Extracted records

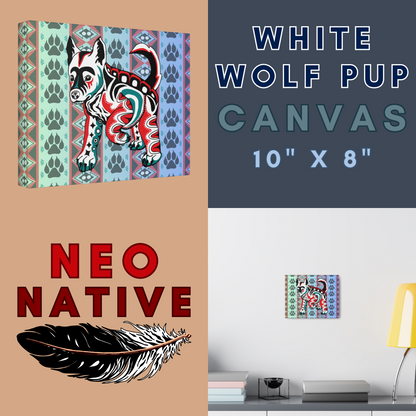 White Wolf Pup Canvas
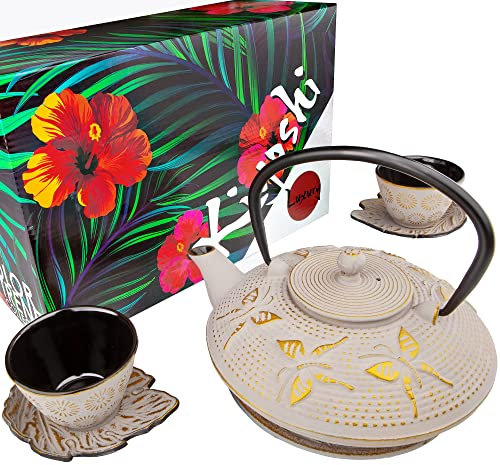 KIYOSHI Luxury Service à thé japonais 7 pièces « Couleur sable » en fonte avec 2 tasses à thé, 2 soucoupes, infuseur à thé en vrac et dessous-de-plat Accessoires de cérémonie pour matcha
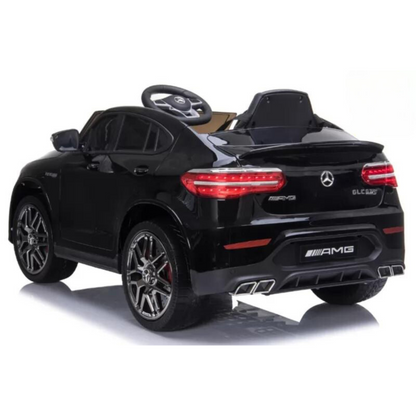 PRÉ-VENDA - Carro Elétrico para Criança MERCEDES GLC63S 4x4 12v Preto c/ RODAS DE BORRACHA & ASSENTO EM PELE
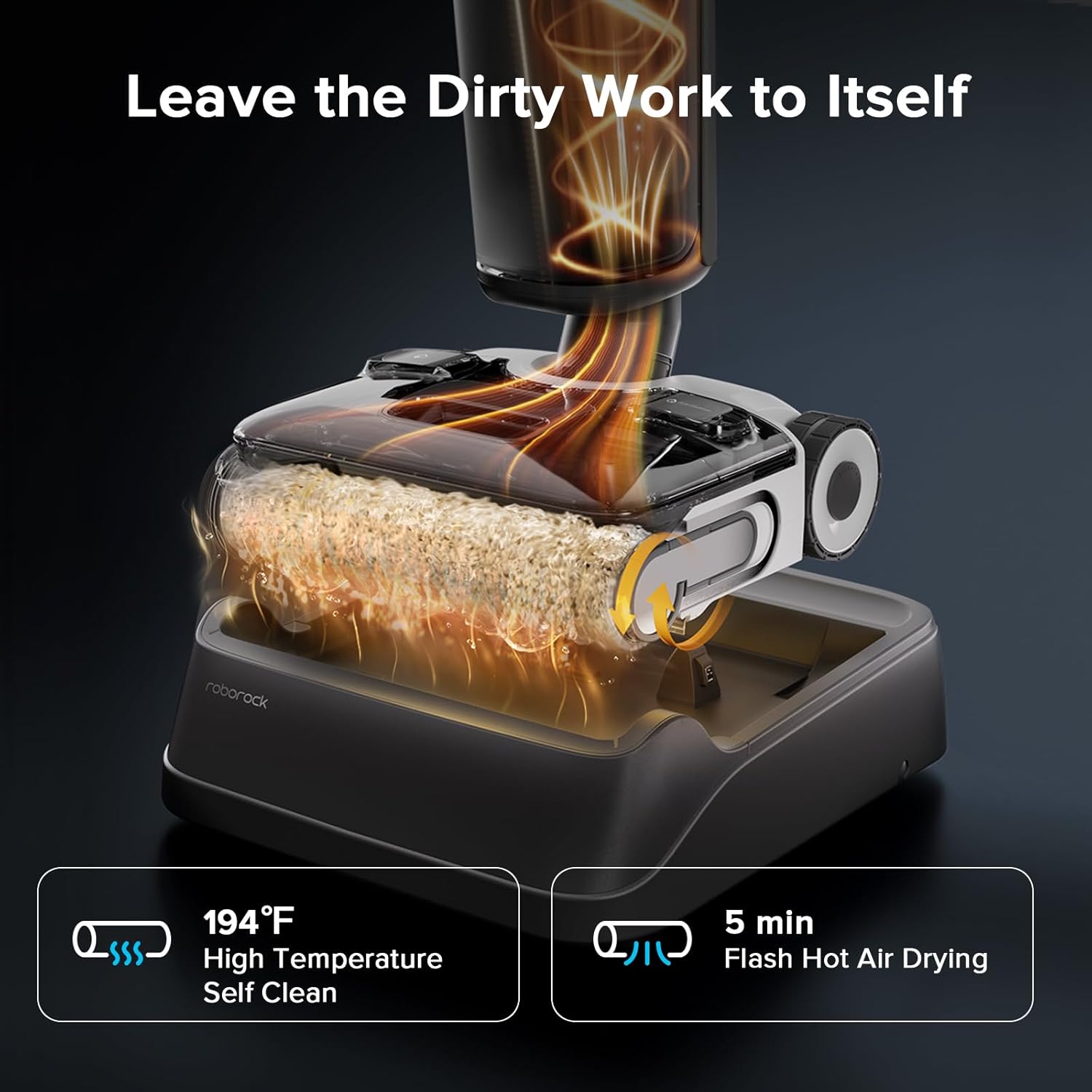 roborock F25 XT Wet Dry Vacuum Cleaner, Cordless Vacuum Mop All in One for Hard Floor, 20000Pa Hardwood Floor Cleaner with Zero Tangle, 194°F Hot Air Flash Drying Electric Mop, 180° Lie Flat, WiFi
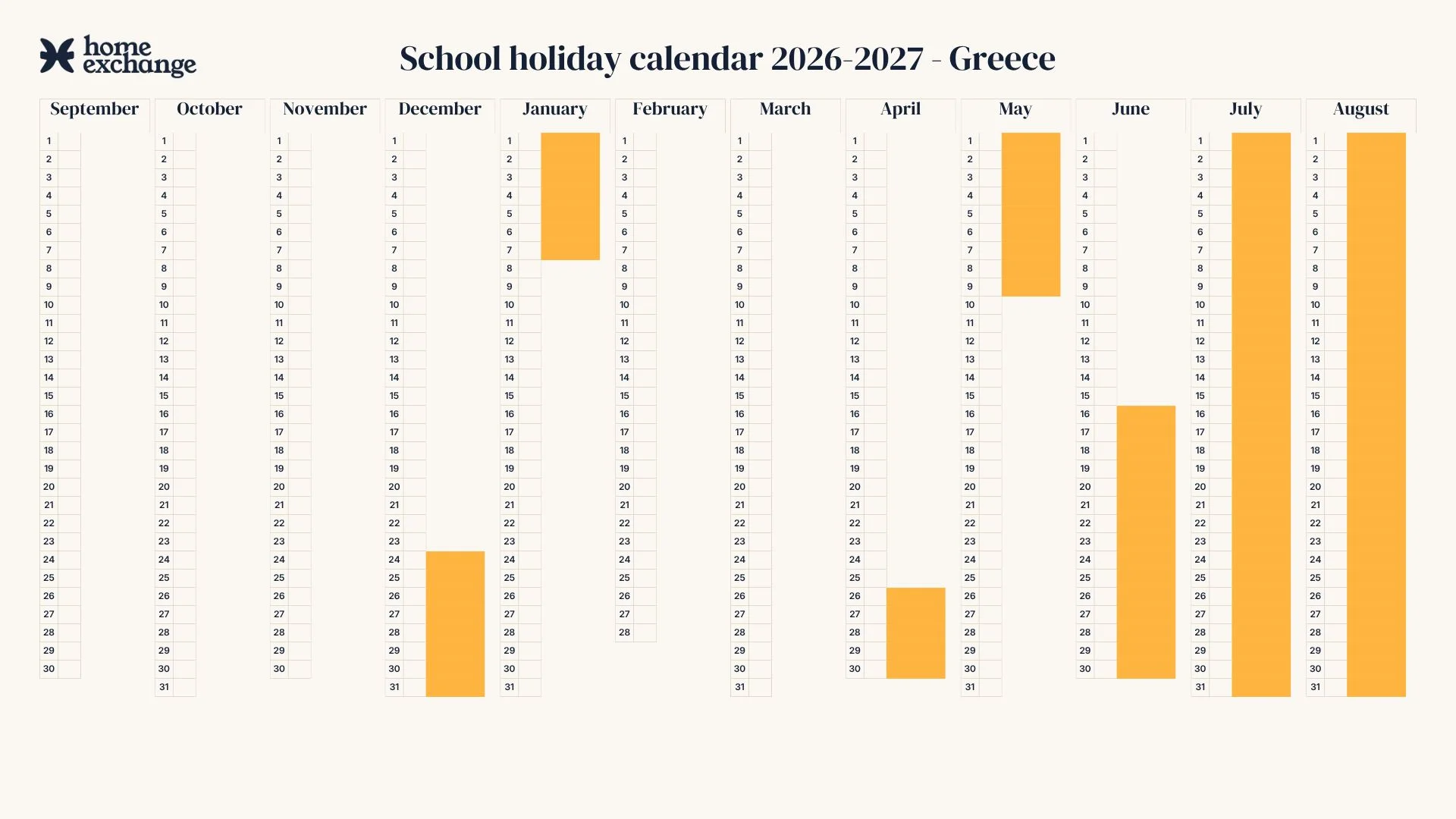 Sweden's 2025-2026 school calendar (Stockholm)
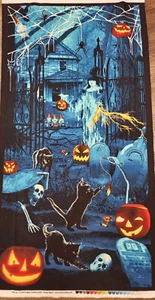 Halloween Thriller Night Glow In Dark Witch Gnomes House Cotton Fabric 24" Panel - Picture 1 of 1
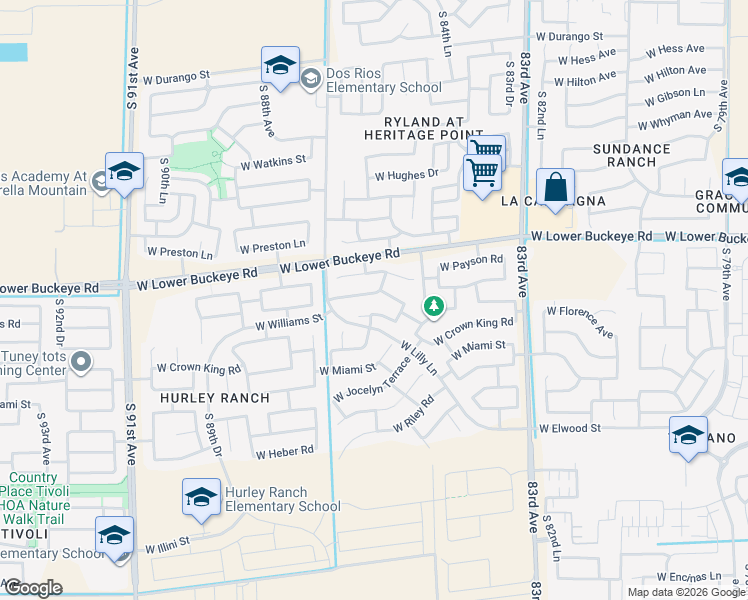 map of restaurants, bars, coffee shops, grocery stores, and more near 8539 West Kingman Street in Tolleson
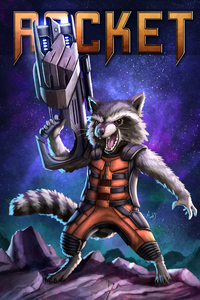 Rocket Raccoon Art (640x1136) Resolution Wallpaper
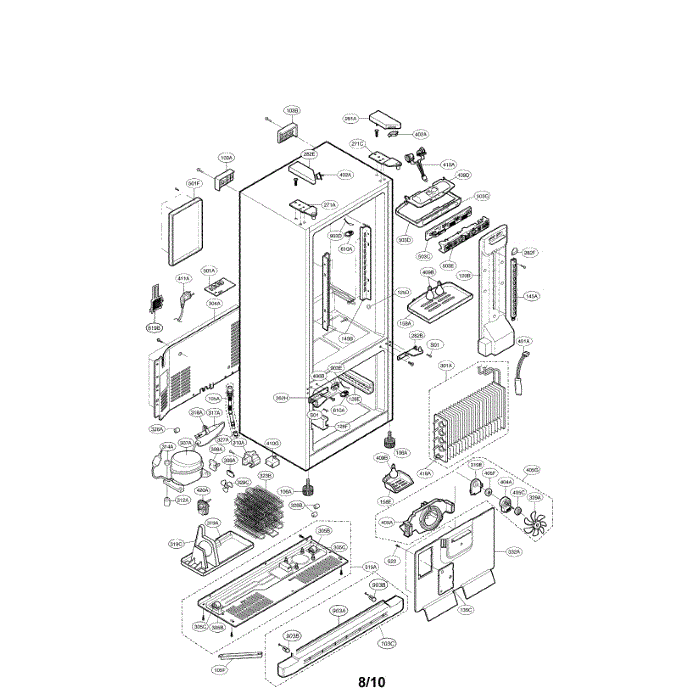 Case Diagram and Parts List for LFC22740TT  LG Refrigerator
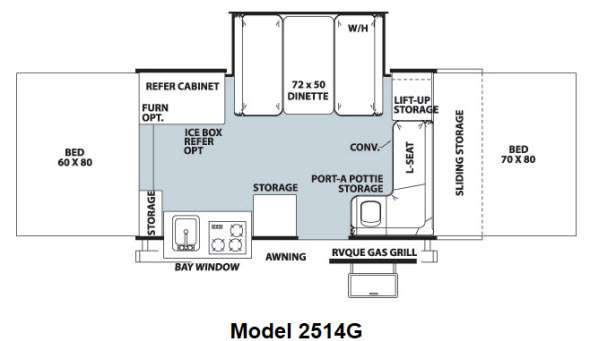 Floorplan - 2013 Forest River RV Rockwood Premier 2514G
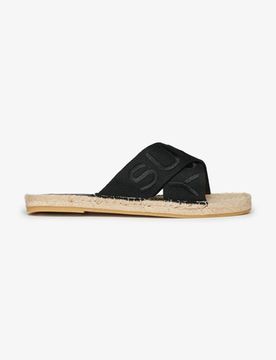 Superdry Damen Espadrilles mit überkreuzten Riemen Schwarz - Größe: 38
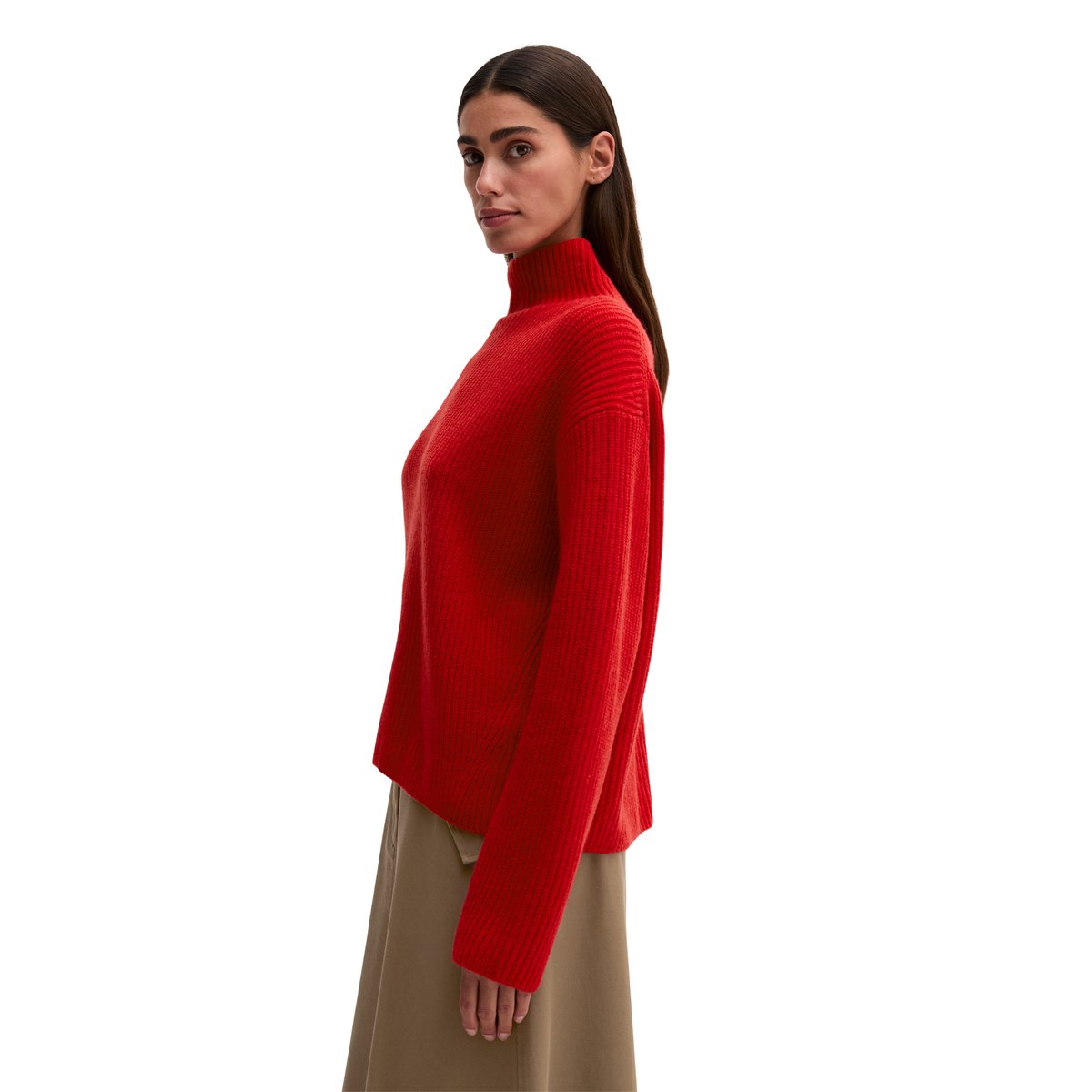 Pull côtelé, coupe classique en mélange de laine vierge douce rouge, MARC O'POLO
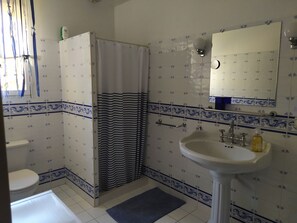 Ein Badezimmer mit Toilette, Dusche, Waschbecken und Spiegel.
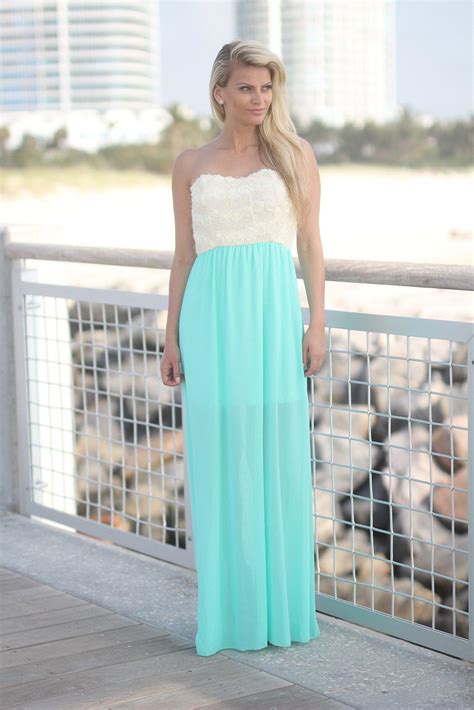 Mint Maxi Dress With Floral Lace Top Lace Top Dress Saved By The Dress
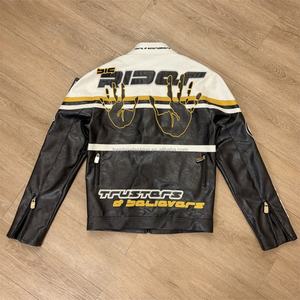 Leather <b>Jacket</b> Manufacturers Custom Embroidery Patch Logo Black Crop Racing Motorcycle Pu High Quality Leather <b>Jacket</b> <b>Men</b> - Product Image 2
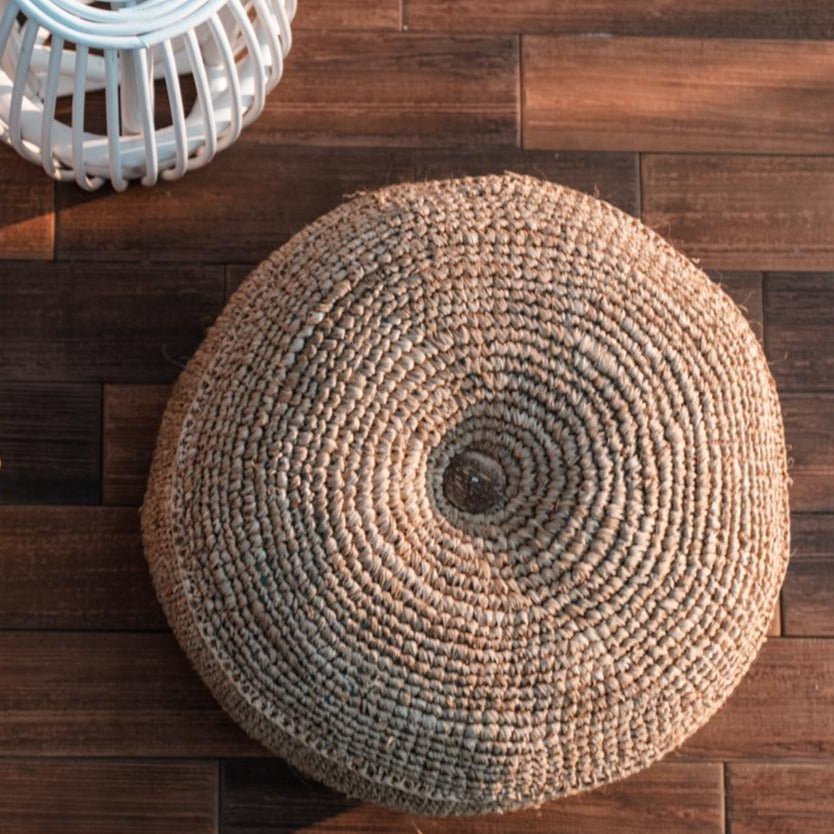 Raffia puf TELU Ø60 cm - kokosfiber & bomuldsfyld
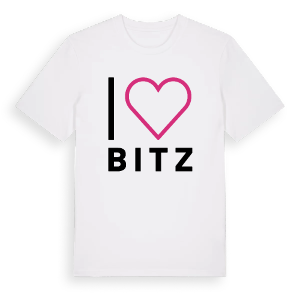 Jag älskar Bitz t-shirt stort tryck – ekologisk bomull t-shirt från Pinshirt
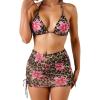 imageMakeMeChic Womens Halter Triangle Bikini Sets Leopard 3 Piece Swimsuit Bathing Suit Cover Up SkirtMulticolored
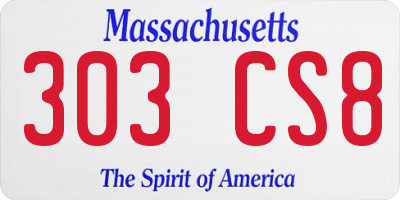 MA license plate 303CS8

## [Problem statement]
Write out nothing but the lines from the start of the data through the line with "KIYOSHI Luxury Service". Leave out the pictures.

## [Result of the task]
 White Wolf Pup Canvas
 KIYOSHI Luxury Service à thé japonais 7 pièces « Couleur sable » en fonte avec 2 tasses à thé, 2 soucoupes, infuseur à thé en vrac et dessous-de-plat Accessoires de cérémonie pour matcha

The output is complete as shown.